● **Exercise objective**
For this exercise, write out every entry exactly and leave the pictures out.

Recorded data
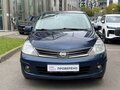2012 Nissan Tiida I Рестайлинг, синий - вид 1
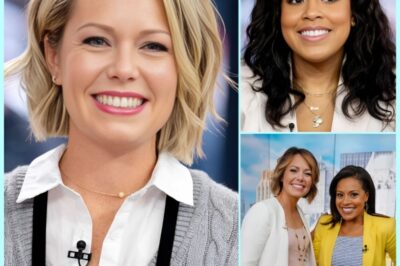 BREAKING NEWS: The TODAY Show ANNOUNCES REPLACEMENT for Sheinelle Jones and Dylan Dreyer’s Vacant Positions, Leaving FANS STUNNED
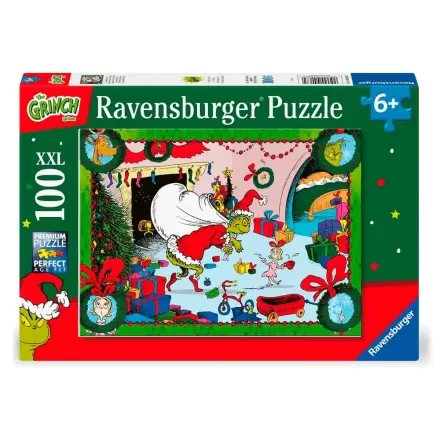 The Grinch XXL puzzle 100pcs product photo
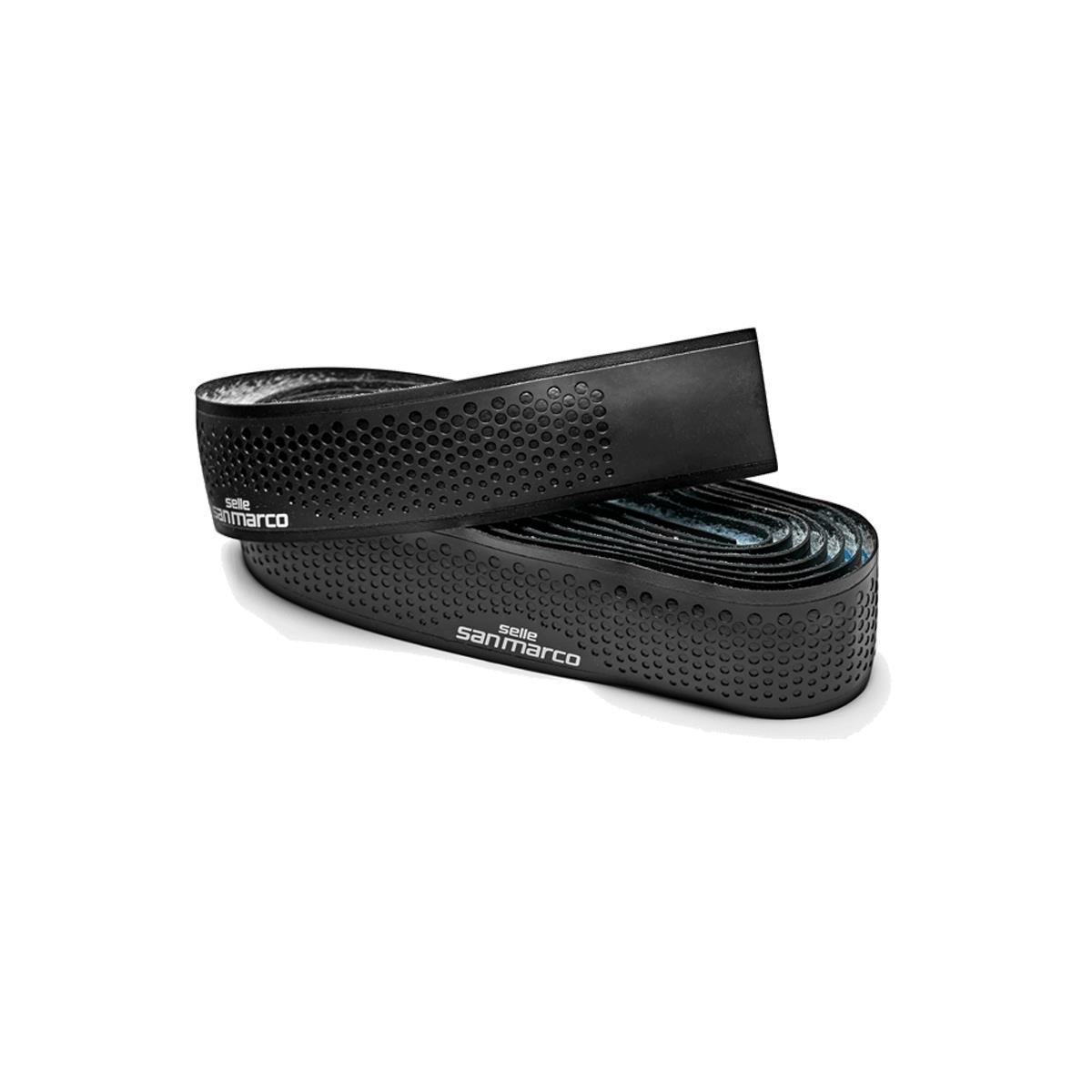 Black/White - Selle San Marco - Presa Corsa Team Handlebar Tape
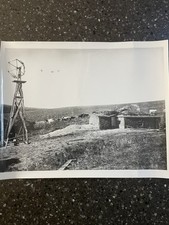 Holmes East Custer County Nebraska 1886-87 Vintage Photo SD Butcher Photo picture
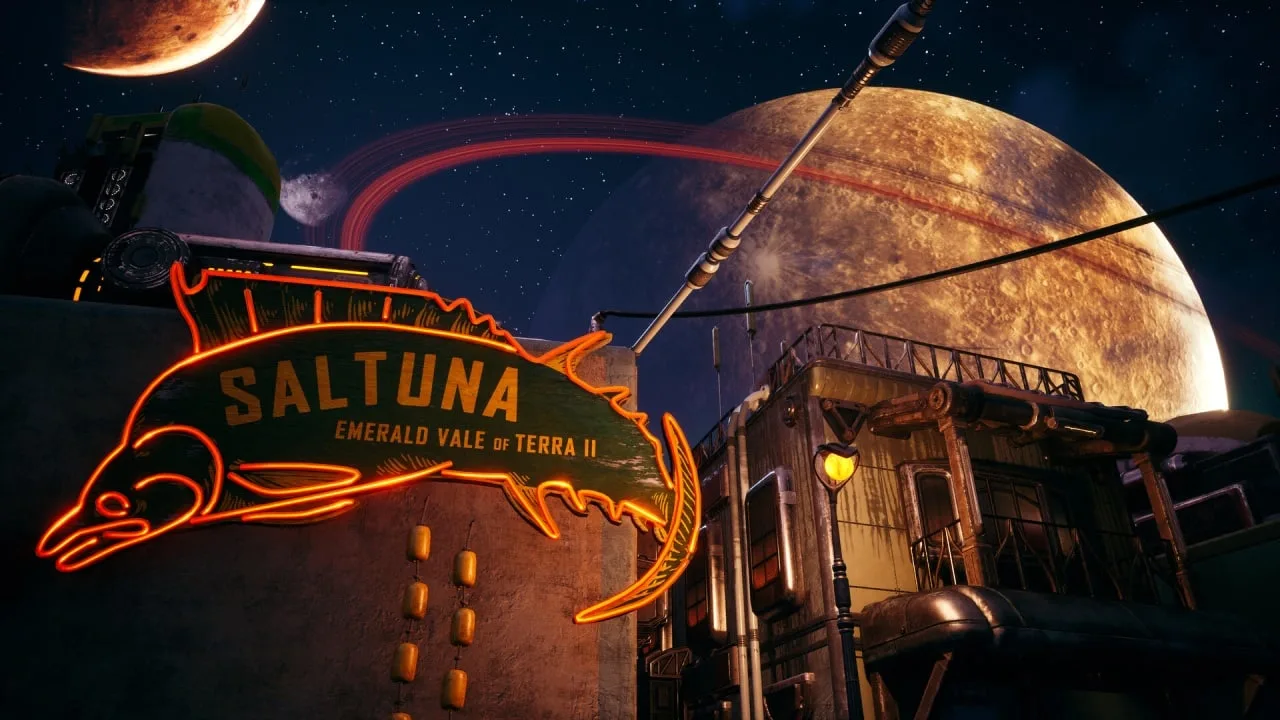 The Outer Worlds: Spacer's Choice Edition — 2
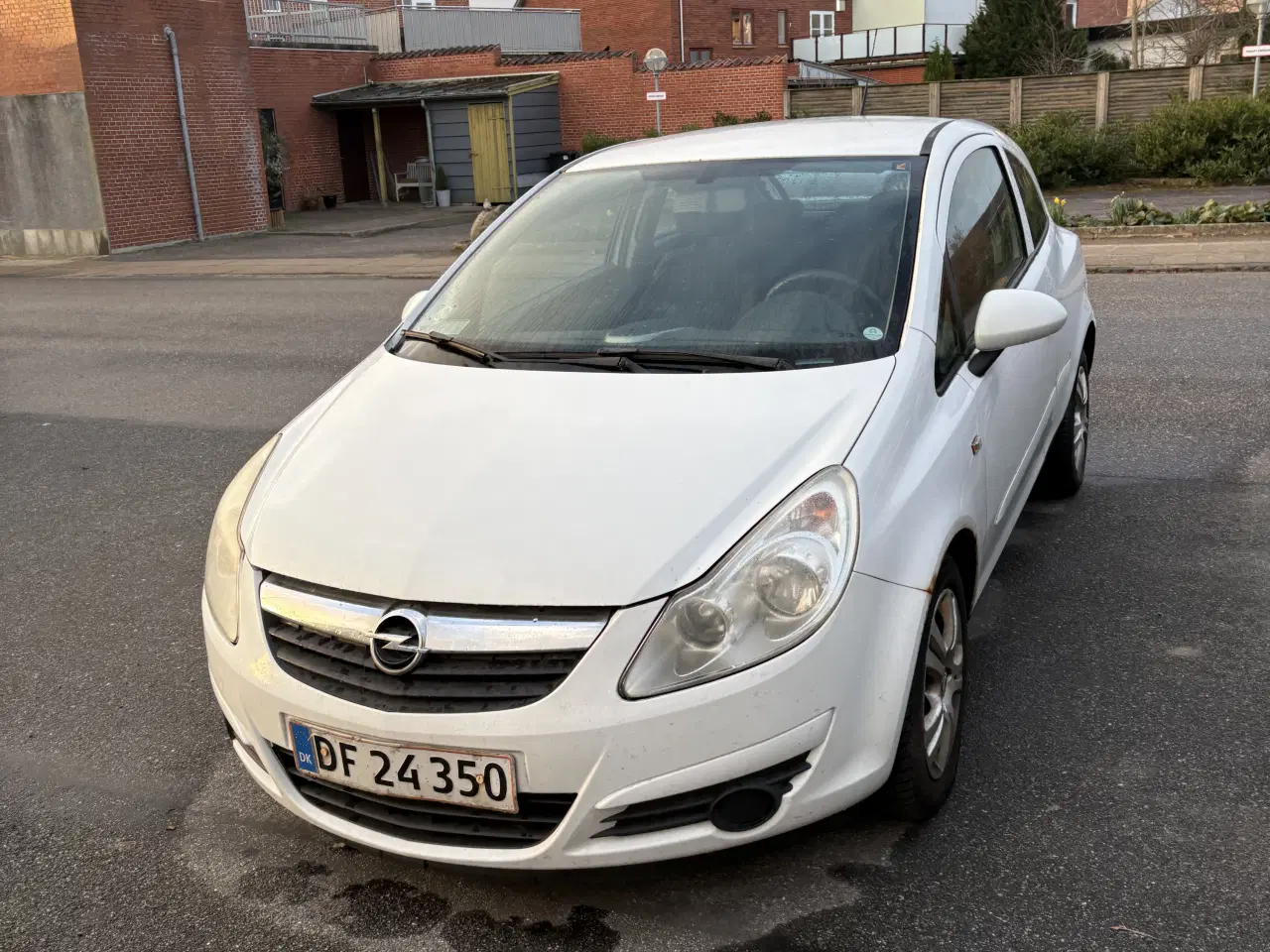 Billede 1 - Opel Corsa 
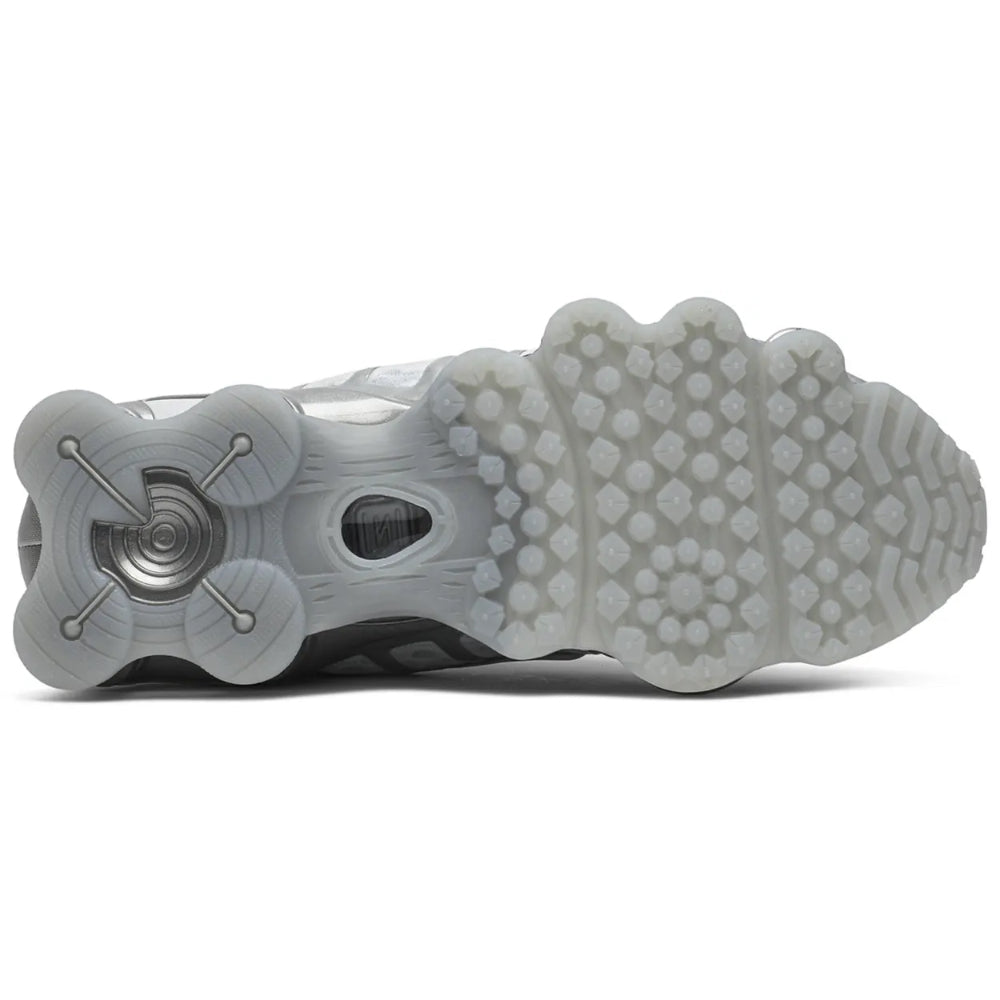 Nike Shox TL "Platinum Chrome"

● **Answer to this problem**
2012 Nissan Tiida I Рестайлинг, синий - вид 1
 BREAKING NEWS: The TODAY Show ANNOUNCES REPLACEMENT for Sheinelle Jones and Dylan Dreyer’s Vacant Positions, Leaving FANS STUNNED
 The Grinch XXL puzzle 100pcs product photo
 Black/White - Selle San Marco - Presa Corsa Team Handlebar Tape
 Holmes East Custer County Nebraska 1886-87 Vintage Photo SD Butcher Photo picture
 The Outer Worlds: Spacer's Choice Edition — 2
 Billede 1 - Opel Corsa 
 Nike Shox TL "Platinum Chrome"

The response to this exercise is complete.